Further to this, I have also observed that colleagues who are based on the Cambridge site commonly think of “EMBL” as referring to “EMBL Heidelberg”. EMBL people are not using a common language. This is a problem for the organisation.

Should we reinforce the sub-brand or focus on establishing one unified EMBL brand?

As most answers in design, the response is: it is not about what we would like to have, but about what best serves the organisation’s needs in alignment with its strategic positioning.

We also need to find out how well established EMBL-EBI is as a distinct brand and how our target audiences feel about it. Being in people’s minds and vernacular is a big value which always has to be put in relation to efforts and motivations in changing the brand map. We definitely want to strengthen EMBL’s brand by strengthening all brands and sub-brands and not strengthening one unified brand by undermining sub-brands. All these topics and questions will be explored in our next corporate design sprint 2 (cd-sprint2) which starts this week.

Look back to learn and create the future:
the history of EMBL-EBI, naming and logo

I wanted to find out why EMBL-EBI has a different name and to understand its past trajectory as a brand. EMBL has 6 sites, but EMBL-EBI is the only one to have its own name. Why is this? Organisational history is about stories and perspectives, and is highly subjective, so I needed to gather stories.

One story I uncovered was that during the FP5 funding round, the then EU Commissioner for Research, Philippe Busquin, wanted to exclude intergovernmental organisations from applying for framework funding. The new outstation at that time therefore had to try and raise as much funding as it could from other sources.

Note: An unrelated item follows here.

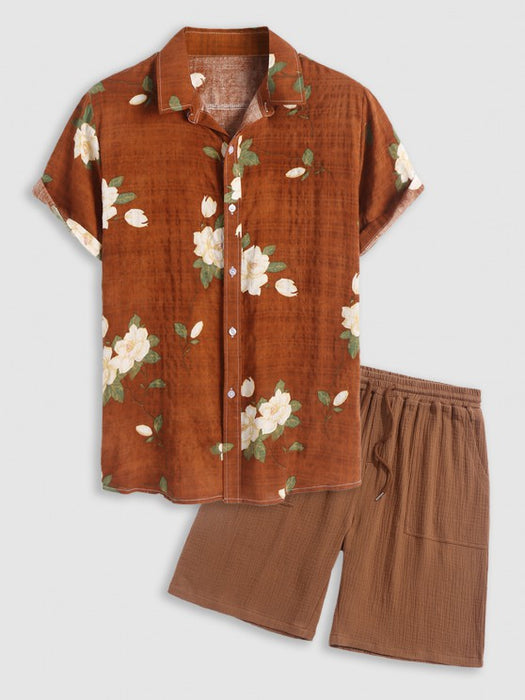 Flowers Pattern Shirt With Soft Textured Shorts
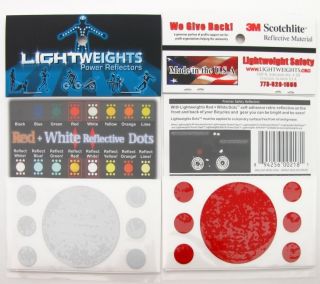 3M Reflective Red White Tape Dots 14pc Lightweights Power Reflectors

To do so, it rebranded itself as the European Bioinformatics Institute – a new and exciting entity that had a clear focus on an area where partners from industry could see the value for alignment and support.

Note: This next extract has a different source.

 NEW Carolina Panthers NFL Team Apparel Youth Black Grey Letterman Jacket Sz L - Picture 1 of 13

The first EMBL EBI logo, created by Graham Cameron.
A subsequent version of the EMBL-EBI logo had an image mark that was clearly related to or inspired by EMBL’s.

With this rebranding came a first version of the logo, which was created by Graham Cameron. At this point, ‘EBI’ was distinct from ‘EMBL’.
Later on the logo was changed to a simplified version:

And at some point designed to have the same image mark as EMBL. Thus we have now the same image mark with two different meanings.

The current EMBL-EBI logo has uses a different name, but the same image mark.

Do you have any other insights or information about naming, logo and history of EMBL-EBI? Please let me know! For more on the history of The European Bioinformatics Institute (EMBL-EBI) see this video from 2014 when EMBL-EBI celebrated its 20th anniversary.

Next steps

Based on the design principles defined in cd-sprint 1, we will focus on cd-sprint2 to further explore EMBLs Design Language System and how to support sub-brands. The deliverables are to come up with two brand design examples: One which shows a strong sub-branding for EMBL-EBI (and maybe generally sub-brands of EMBL) and a second design example which is aligned to our new Brand Map and our goal of showing a unified organisation. More insights on this will come soon.